When is software finished? When it passes a test? When it's deployed? Trick question. "Finished" is not really something software can be, because we're always updating, refining, re-releasing, or bug-fixing. Even EOL software sometimes gets security updates. In this talk, I'm going to discuss the opportunity presented by the unfinished nature of everything we make, and how we can use observability, metrics, and conversations to break down the silo between software and… people. Join me for a vision of how we can add value with tools that we already have, and recognize the value of things that are not the new hotness.

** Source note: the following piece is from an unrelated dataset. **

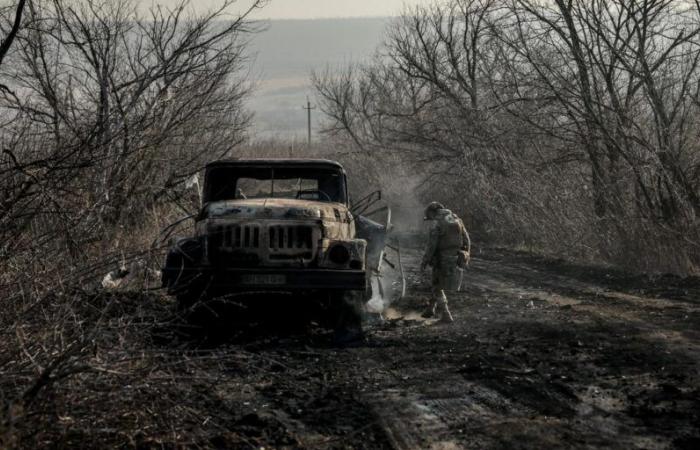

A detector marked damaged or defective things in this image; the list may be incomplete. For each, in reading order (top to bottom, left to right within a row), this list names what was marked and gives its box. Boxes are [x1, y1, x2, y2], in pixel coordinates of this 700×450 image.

Scientific management says that there is a right way to do things, a best way, and that the way to make workers more efficient and standard is to enforce that one way. Large Language Models take the texts they are fed and predict the most likely thing we want next. While both scientific management and LLMs are a revolution in how work gets done, they are also a tribute to homogeneity, mediocrity, and norming. Join me for a far-ranging exploration of industrial design, standardization, and why normal and average are sometimes a deadly myth.
Heidi is an advocate for progressive delivery, organizational transformation, technical communication, and marketing you hate slightly less. She is a nerd about industrial psychology and patterns of progress. One of her favorite hobbies is talking to developers about things they already knew but had never thought of that way before. She sews all her conference dresses so that she's sure there is a pocket for the mic.